_What to work on_
Below are the records; collect from them each line containing the string "Design".

Supplied data Block Start

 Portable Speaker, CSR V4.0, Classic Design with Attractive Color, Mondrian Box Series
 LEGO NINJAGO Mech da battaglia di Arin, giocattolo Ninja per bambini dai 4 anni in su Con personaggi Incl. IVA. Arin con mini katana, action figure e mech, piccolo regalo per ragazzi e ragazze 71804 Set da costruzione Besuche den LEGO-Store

Supplied data Block End
Supplied data Block Start

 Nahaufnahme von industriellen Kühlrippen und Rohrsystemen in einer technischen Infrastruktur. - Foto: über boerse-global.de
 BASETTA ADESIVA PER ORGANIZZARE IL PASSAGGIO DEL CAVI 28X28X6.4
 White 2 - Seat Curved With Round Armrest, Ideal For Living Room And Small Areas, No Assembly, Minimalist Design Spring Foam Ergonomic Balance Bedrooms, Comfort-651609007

Supplied data Block End

_Answer to the problem_
 Portable Speaker, CSR V4.0, Classic Design with Attractive Color, Mondrian Box Series
 White 2 - Seat Curved With Round Armrest, Ideal For Living Room And Small Areas, No Assembly, Minimalist Design Spring Foam Ergonomic Balance Bedrooms, Comfort-651609007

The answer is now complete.